A/n: okay I want reviews on this, all kinds of reviews please! This was just a stream of consciousness and I want to know how it turned out so review.
Disclaimer: don't own them or the song sex and violence by STP
I used to love you now I don't care
Now I turn around, you're everywhere
So you can chew me up and spit me out
You're just the little bitch I cared about
She was the first thing in my life that I wanted, the first thing in my life which I wanted and was denied. I always got what I wanted, and so when I couldn't have her, I wanted her even more. She became my all consuming thought, my obsession, my love. I knew she never loved me, that she never would, but still I wanted her. They say love conquers all, but my love never conquered her. When I couldn't have her my love grew a second side, hate. I hated her Everyday her face was there, taunting, teasing never mine. I became jealous of everyone around her, any person who got even a second of her attention. I became possessive and I lost control. At first it scared her, but then it made her mad.
I know you can see me
But you don't believe me
I know that you're lonely
Time will tell and time is hell
She wouldn't talk to me, look at me nothing and I hated her even more for denying my love , and in a sick, twisted way I loved her. I wanted her to want me, love me, needed it. She didn't believe me when I proclaimed my love, was convinced that I was playing some sick twisted head game. I needed her and hated everything which prevented me from being with her. I hated time, for at some times going too slow and at other times too fast.

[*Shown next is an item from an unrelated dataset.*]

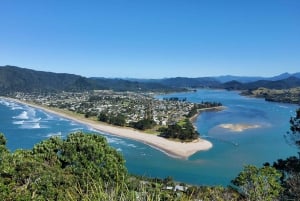 New Zealand: Guided 43-Day North Island Tour with Camping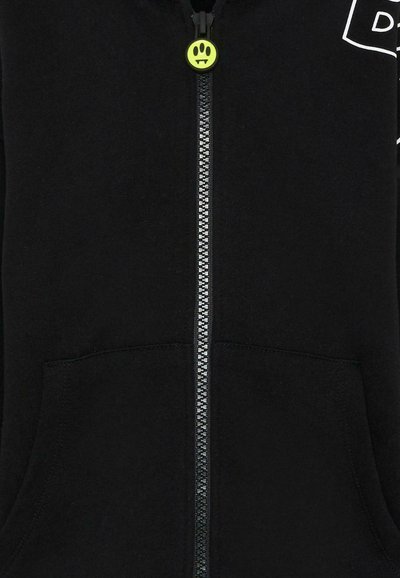 Czarna bluza z kapturem zapinana na zamek błyskawiczny z przodu, duże kieszenie oraz zielony suwak w kształcie uśmiechniętej buźki. Wykonana z miękkiego materiału. Posiada logo.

Time without her was hell and time with her when she wasn't mine was hell.
No sex or violence
No morbid silence
Forever sleeping
You won't stop breathing
You hold me captive and it's not fair
Progressed insanity is everywhere
You need to love me but you kicked me out
My head is wandering so knock me out
I keep my head afloat I'm drowning in
The muddy water pulls me down again
I used to love me but I hate me now
I'm just a little bitch I cared about
Love and hate. Those were the only two emotions I came to know. She was the first thought and the last though I had each day. I was her prisoner and she wouldn't give me the key, didn't even know she had the key, wouldn't believe me when I said she had the key. She was at a point in her life when she needed someone, someone who wasn't her idiot ex, and there I was the perfect candidate and she just threw me to the curb like so much trash. Every time I thought I was free from the prison that was her, I got pulled right back in, it was a never ending struggle. She was the only thing in my life which I never got and it burns me to this day. And I shall love her and hate her until the day I die.